Activity = In this exercise, return the whole listing exactly, excluding any images.

Dataset records =
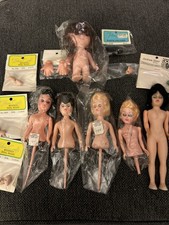 DOLL PART LOT NEW IN PACKAGE B2 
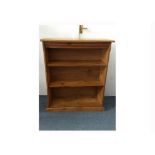 A waxed pine bookcase, plinth base, two adjustable shelves, 83 cm wide x 30 cm deep x 97 cm high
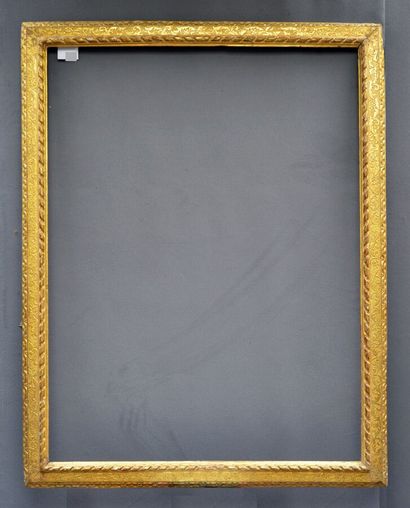 null A carved and gilded limewood frame with a twisted ribbon, foliage and flowers...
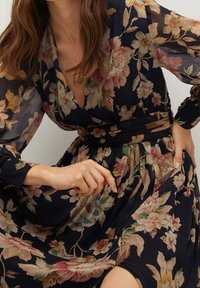 Woman wearing a dark floral long-sleeve dress with a V-neck and a wide black belt, holding the skirt with one hand.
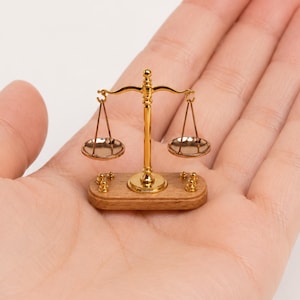 Peut inclure: Petite balance dorée avec deux plateaux circulaires et un support central. La balance repose sur une petite base en bois avec des détails dorés. La balance est tenue dans la paume ouverte d'une personne.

Exercise response =
 DOLL PART LOT NEW IN PACKAGE B2 
 A waxed pine bookcase, plinth base, two adjustable shelves, 83 cm wide x 30 cm deep x 97 cm high
 null A carved and gilded limewood frame with a twisted ribbon, foliage and flowers...
 Woman wearing a dark floral long-sleeve dress with a V-neck and a wide black belt, holding the skirt with one hand.
 Peut inclure: Petite balance dorée avec deux plateaux circulaires et un support central. La balance repose sur une petite base en bois avec des détails dorés. La balance est tenue dans la paume ouverte d'une personne.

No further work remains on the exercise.